We will take a closer look at CVE-2007-5245:

“Multiple stack-based buffer overflows in Firebird LI and, and WI and, allow remote attackers to execute arbitrary code via (1) a long service attach request on TCP port 3050 to the SVC_attach function or (2) unspecified vectors involving the INET_connect function.”

Firebird default installation has two interesting properties:

  • fbguard service looks for Firebird process and if it crashes, it will be started again (this will become very handy in a moment),
  • fbserver process is running with NT AUTHORITY\SYSYTEM privileges, so in case of a successful exploitation, the shellcode will run with the same privileges.

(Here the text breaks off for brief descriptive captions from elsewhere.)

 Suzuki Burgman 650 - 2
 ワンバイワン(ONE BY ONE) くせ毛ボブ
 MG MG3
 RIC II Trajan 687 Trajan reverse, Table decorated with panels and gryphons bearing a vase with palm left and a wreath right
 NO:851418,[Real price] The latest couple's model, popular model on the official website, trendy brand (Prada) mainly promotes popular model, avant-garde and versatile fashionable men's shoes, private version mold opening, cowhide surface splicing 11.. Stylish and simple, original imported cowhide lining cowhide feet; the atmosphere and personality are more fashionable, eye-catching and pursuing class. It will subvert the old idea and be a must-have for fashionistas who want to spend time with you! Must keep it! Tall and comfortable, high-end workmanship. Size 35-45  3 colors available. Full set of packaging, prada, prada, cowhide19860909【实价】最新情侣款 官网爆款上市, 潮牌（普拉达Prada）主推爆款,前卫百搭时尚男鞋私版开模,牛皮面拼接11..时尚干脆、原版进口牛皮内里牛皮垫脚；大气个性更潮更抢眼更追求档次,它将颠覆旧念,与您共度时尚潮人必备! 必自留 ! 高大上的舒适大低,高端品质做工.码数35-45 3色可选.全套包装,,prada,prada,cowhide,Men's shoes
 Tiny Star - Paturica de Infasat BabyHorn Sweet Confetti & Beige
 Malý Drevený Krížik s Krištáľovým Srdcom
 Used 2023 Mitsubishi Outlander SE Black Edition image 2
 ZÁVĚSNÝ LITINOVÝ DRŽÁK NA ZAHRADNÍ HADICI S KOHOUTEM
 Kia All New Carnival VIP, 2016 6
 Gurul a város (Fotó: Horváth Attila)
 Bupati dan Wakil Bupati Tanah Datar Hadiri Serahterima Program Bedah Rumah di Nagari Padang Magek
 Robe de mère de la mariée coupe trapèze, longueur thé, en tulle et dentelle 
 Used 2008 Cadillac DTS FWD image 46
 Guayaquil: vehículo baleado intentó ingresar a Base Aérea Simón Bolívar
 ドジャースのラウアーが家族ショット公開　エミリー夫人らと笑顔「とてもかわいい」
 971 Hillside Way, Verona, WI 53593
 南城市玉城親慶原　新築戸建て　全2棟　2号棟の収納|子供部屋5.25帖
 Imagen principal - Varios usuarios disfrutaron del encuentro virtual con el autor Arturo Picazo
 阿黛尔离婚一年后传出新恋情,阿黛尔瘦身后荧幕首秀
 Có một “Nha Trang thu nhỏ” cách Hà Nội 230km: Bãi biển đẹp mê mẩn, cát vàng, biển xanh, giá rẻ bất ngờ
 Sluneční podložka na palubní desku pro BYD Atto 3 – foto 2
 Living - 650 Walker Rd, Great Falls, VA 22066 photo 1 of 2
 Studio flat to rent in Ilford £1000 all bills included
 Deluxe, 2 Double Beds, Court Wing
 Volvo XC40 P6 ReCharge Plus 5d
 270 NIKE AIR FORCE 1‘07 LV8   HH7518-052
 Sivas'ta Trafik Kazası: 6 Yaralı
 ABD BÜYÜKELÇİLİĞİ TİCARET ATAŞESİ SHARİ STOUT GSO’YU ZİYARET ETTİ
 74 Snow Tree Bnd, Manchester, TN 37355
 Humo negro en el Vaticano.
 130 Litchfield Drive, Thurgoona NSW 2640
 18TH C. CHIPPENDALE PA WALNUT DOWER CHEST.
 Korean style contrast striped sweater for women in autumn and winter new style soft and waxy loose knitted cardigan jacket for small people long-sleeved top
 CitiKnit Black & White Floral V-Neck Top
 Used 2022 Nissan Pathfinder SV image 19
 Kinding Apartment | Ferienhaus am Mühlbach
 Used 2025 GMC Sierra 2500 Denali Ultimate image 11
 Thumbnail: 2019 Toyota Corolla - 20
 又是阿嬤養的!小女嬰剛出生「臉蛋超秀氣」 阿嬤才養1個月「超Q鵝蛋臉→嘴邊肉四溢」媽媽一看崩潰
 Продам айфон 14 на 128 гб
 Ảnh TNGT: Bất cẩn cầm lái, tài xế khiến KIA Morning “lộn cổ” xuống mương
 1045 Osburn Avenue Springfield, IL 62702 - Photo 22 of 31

So let’s create a virtual machine running Windows Server 2012 R2 and Firebird (reasonable production setup, just trust me on this one) and take a look around for an existing exploit. Hey! There is a Metasploit module fb_svc_attach by Risesecurity, but their site seems to be down. Quick look at the Internet Archive reveals some more details:

“Vendor was notified, but did not answer to our reports”

Well, wouldn’t you know? Let’s give it a spin!

So the exploit was executed, and I can confirm this by watching Wireshark (to get details, what’s on wire), the Firebird process has crashed but nothing else happened. There is no calc.exe process.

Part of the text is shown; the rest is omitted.